Bootham Bar Gatehouse was built in the 14th and 19th centuries. Romans first built a wall around 71 AD.
Enormous York Minster was begun in about 1230 and completed in 1472. The first church at this location was built in the 600s.
50-Foot tall “Five Sisters” window (left) has 200,000 pieces of glass – built around 1260.
The Abbey of St Mary, built in late 1200s, was destroyed in the 1500s after the dissolution of the monasteries under Henry VIII. Take a fabulous free guided walking city tour by the Association of Voluntary Guides to discover many fascinating places.
One of the most popular places in York is The Shambles, a narrow medieval street.
Lincoln was the best surprise of this trip – a picturesque Medieval town. Lincoln Cathedral (The Cathedral Church of the Blessed Virgin Mary of Lincoln) towers above the city atop a hill, so it can be seen for many miles around.
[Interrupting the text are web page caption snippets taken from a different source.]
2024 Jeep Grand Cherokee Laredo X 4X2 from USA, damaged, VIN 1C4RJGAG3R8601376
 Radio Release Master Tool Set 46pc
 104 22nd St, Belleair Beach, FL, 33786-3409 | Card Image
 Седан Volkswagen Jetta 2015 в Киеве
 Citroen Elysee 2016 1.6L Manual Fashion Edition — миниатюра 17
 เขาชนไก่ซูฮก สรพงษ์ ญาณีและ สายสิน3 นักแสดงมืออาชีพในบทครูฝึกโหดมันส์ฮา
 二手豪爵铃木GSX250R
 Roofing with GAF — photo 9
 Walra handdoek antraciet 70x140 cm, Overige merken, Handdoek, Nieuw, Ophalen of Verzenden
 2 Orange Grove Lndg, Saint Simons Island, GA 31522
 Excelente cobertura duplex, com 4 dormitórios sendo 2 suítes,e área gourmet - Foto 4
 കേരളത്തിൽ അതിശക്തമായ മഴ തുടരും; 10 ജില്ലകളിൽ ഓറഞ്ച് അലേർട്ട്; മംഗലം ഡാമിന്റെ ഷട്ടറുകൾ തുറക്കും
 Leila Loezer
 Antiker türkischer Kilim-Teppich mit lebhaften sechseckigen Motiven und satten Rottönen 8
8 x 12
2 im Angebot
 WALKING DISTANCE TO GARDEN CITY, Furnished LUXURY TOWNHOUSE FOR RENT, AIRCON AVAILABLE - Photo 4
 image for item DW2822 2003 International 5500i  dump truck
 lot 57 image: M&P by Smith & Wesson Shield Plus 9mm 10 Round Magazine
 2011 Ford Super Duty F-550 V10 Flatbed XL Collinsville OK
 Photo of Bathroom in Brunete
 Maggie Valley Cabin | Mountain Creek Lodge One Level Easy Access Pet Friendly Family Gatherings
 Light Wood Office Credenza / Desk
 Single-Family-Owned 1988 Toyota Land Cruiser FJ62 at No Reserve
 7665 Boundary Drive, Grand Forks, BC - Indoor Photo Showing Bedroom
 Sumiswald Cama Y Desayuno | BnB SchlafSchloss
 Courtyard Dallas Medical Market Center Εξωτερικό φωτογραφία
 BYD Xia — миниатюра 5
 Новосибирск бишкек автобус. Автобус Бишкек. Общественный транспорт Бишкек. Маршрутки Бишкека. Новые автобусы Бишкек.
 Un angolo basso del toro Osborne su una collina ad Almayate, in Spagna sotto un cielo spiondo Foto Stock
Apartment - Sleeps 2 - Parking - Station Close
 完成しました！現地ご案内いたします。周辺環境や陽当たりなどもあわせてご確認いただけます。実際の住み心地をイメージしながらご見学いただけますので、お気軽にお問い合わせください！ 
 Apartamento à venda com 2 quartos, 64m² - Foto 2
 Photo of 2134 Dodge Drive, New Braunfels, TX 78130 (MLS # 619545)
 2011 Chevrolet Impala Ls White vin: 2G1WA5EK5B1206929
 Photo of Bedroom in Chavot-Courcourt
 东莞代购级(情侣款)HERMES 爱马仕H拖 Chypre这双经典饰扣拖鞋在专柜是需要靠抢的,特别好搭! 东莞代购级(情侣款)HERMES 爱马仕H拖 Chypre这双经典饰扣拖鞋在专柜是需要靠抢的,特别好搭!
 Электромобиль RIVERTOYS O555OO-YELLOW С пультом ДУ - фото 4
It’s about 80 miles from York.
Built between 1185-1311, it was the tallest building in the world for 249 years (1300–1549). The central spire collapsed in 1549 and was not rebuilt.
David was taking a tour of and playing cathedral organs in England.
Looking both directions from the organ loft at Lincoln Cathedral.
Charming Castle Square in Lincoln connects the Cathedral to Lincoln Castle.
Southwell Minster, built around 1150 is located in the small village of Southwell. It’s about 26 miles from Lincoln.
David tests out the organ that dates back to the 1700s.
We love to explore ancient cemeteries, like the one at Southwell Minster.